INSTRUCTIONS FOR THE TASK → Output nothing but the lines from the one holding "How does it happen?" to the end of the listing. Reproduce them exactly, without the pictures.

DATASET EXCERPTS below:

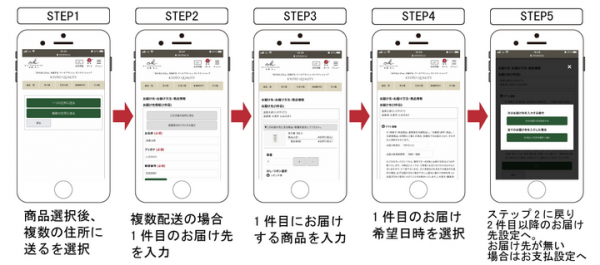 食品系ECやメーカー直販（D2C）、ギフト商材のEC向け専用機能を搭載した新たなECサイト構築プラットフォームが誕生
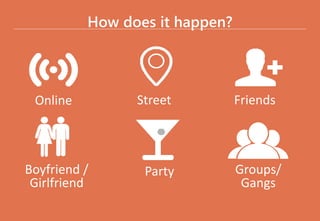 How does it happen?
Boyfriend /
Girlfriend
Party
FriendsStreetOnline
Groups/
Gangs
 
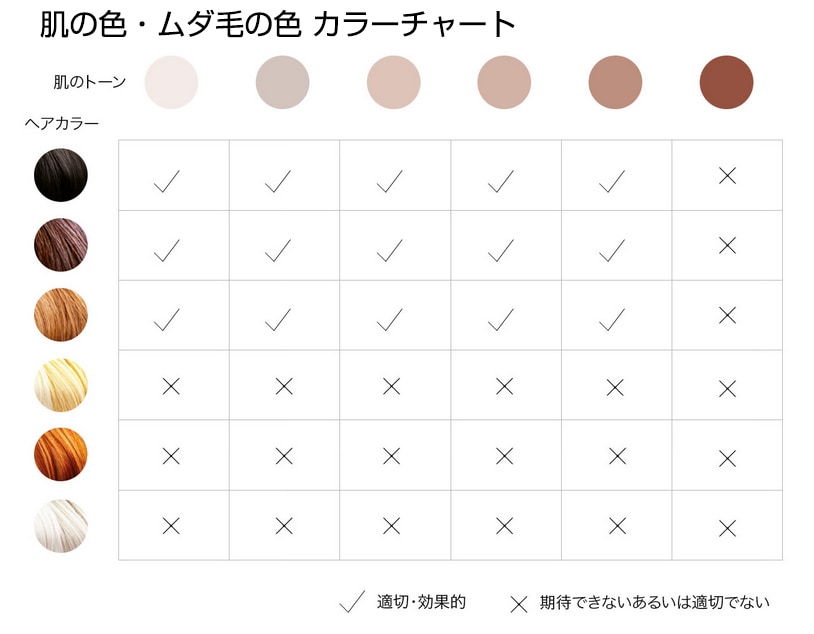 使用可能な肌・毛の色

End of DATASET EXCERPTS.

RESPONSE TO THIS TASK →
 How does it happen?
Boyfriend /
Girlfriend
Party
FriendsStreetOnline
Groups/
Gangs
 
 使用可能な肌・毛の色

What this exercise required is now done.